La directrice financière du géant chinois des télécoms Huawei est dans le viseur de la justice américaine. Interpellée le 1er décembre à l'aéroport de Vancouver à la demande des Etats-Unis, la fille du fondateur du groupe est soupçonnée d'avoir menti à plusieurs banques sur les liens entre Huawei et l'une de ses filiales, SkyCom, ce qui aurait permis à cette société d'accéder au marché iranien en violation des sanctions américaines.

Elle aurait personnellement nié auprès de banquiers américains, en 2013, tout lien direct entre Huawei et la société SkyCom. La justice américaine ne l'entend pas de cette oreille et affirme pour sa part que «SkyCom, c'est Huawei». La dirigeante était membre du conseil d'administration de SkyCom il y a une dizaine d'années. Depuis la société a été vendue. Seulement la justice américaine estime que le groupe chinois en a gardé le contrôle, les employés de SkyCom ayant par exemple continué à utiliser les adresses électroniques huawei.com.

Aujourd'hui, la dirigeante de 46 ans risque gros. Elle est accusée de «complot d'escroquerie au détriment de plusieurs institutions financières», des chefs d'accusation passibles de 30 ans de prison aux Etats-Unis. L'avocat représentant le gouvernement canadien s'est opposé à la remise en liberté conditionnelle de la fille de Ren Zhengfei, fondateur de Huawei en 1987 et ancien membre de l'armée chinoise. Il a estimé qu'elle avait de bonnes raisons pour être tentée de fuir le Canada et rentrer en Chine. L'audience devant un juge de la Cour suprême de Vancouver a été ajournée ce vendredi après plusieurs heures de débats, et doit reprendre ce lundi. Le juge devrait alors se prononcer sur une éventuelle libération sous caution de Meng Wanzhou.

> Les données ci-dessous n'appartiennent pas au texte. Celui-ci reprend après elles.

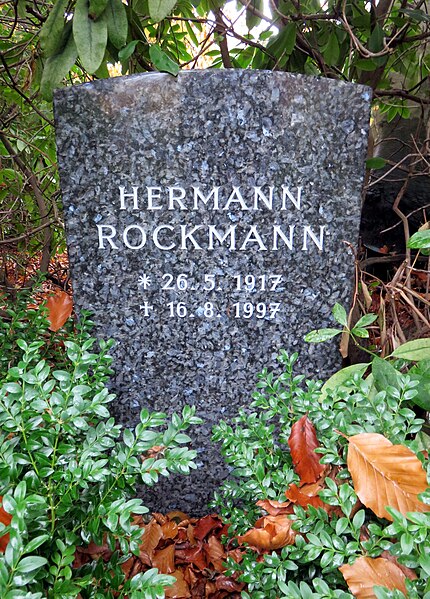 File:Grab Hermann Rockmann FriedhofOhlsdorf (2).jpg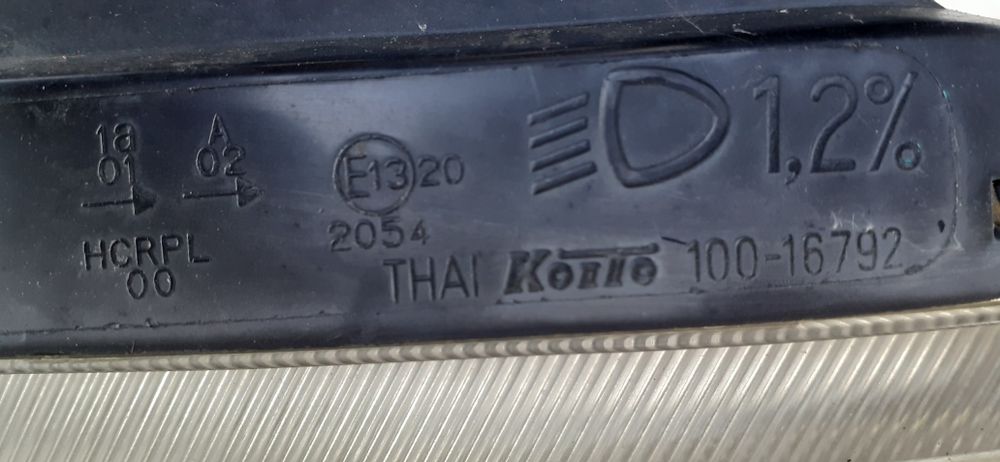 Isuzu-D-Max 2007-2012 Година Ляв Фар Оригинален Koyto Japan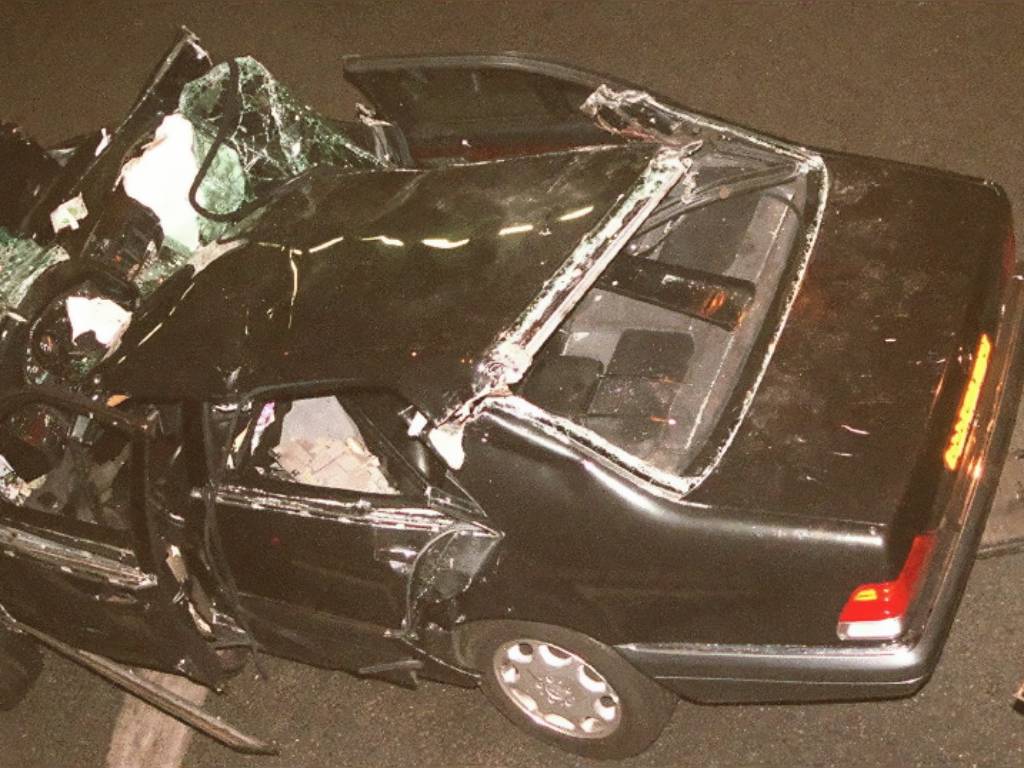 Fotografía de la puerta del automóvil accidentado en el túnel del Alma tras el choque donde viajaban Lady Di y Dodi Fayed.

L'avocat de la dirigeante chinoise a pour sa part assuré que sa cliente ne prendrait pas le risque de «faire honte» à son père, sa société et son pays en prenant la fuite. Elle s'engagerait par ailleurs à rendre ses passeports, à porter un bracelet électronique et à financer sa propre surveillance pendant la procédure.

Huawei accusé d'être lié au gouvernement chinois

Les déboires du groupe chinois aux Etats-Unis ne datent pas d'hier. Les agences de renseignement américaines accusent Huawei d'être lié au gouvernement chinois et assurent que les équipements qu'elle vend pourraient contenir des «portes dérobées» utilisées par les services secrets du régime communiste pour avoir accès aux systèmes vendus. Aucune preuve n'a été produite publiquement et la société a, à plusieurs reprises, nié ces allégations. Les produits Huawei sont utilisés par des opérateurs téléphoniques dans le monde entier, notamment en Europe, en Afrique et au Canada. Mais le groupe a été banni des projets d'infrastructures américains en raison de ces craintes d'espionnage au profit de Pékin.

Cette affaire arrive au pire moment pour la relation entre Pékin et Washington. L'interpellation de Meng Wanzhou inquiète les marchés et alimente les craintes d'une relance de la guerre commerciale entre les deux pays, quelques jours seulement après la rencontre entre Donald Trump et Xi Jinping en marge du G20. Les deux dirigeants se sont donnés 90 jours pour parvenir à un accord commercial. Cette affaire risque bien d'affecter ces tractations déjà difficiles.